__BRIEF__. Your copy must hold all of the data below, unchanged and without images.

__SUPPLIED MATERIAL__.
------

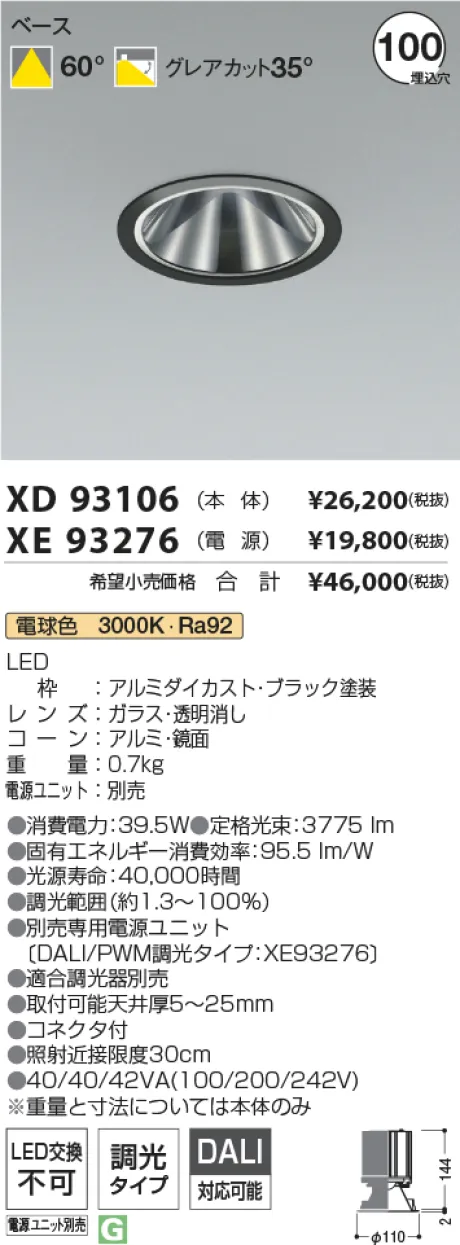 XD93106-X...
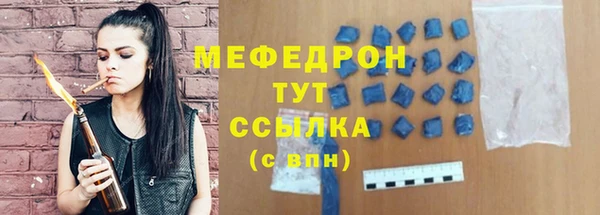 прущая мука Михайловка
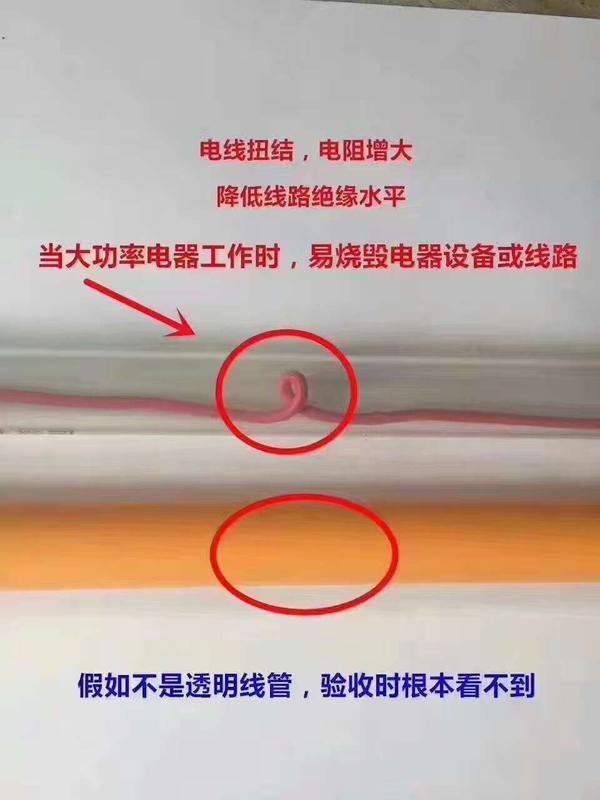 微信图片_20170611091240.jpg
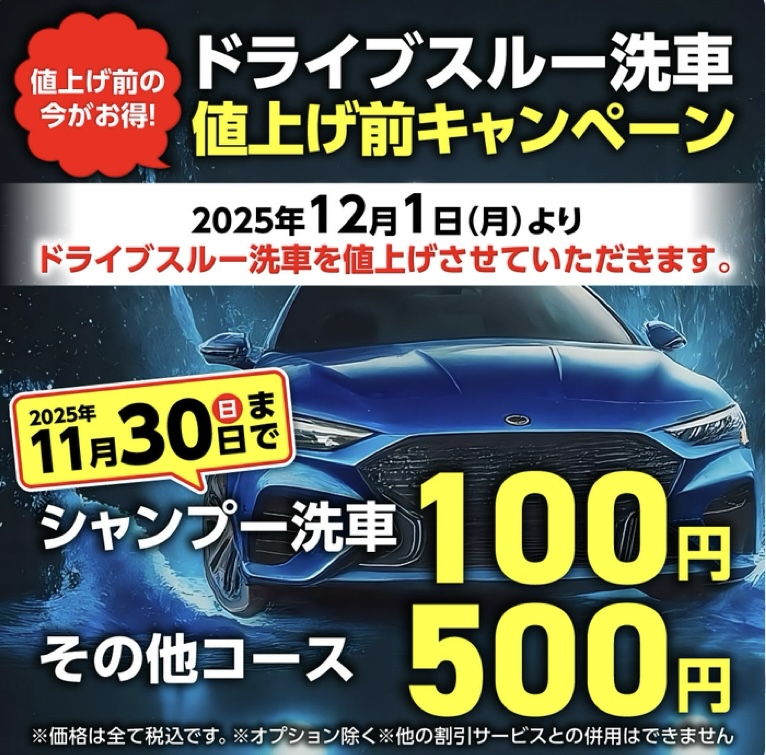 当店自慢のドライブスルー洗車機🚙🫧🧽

------

__OUTPUT BELOW__.
 XD93106-X...
 прущая мука Михайловка
 微信图片_20170611091240.jpg
 当店自慢のドライブスルー洗車機🚙🫧🧽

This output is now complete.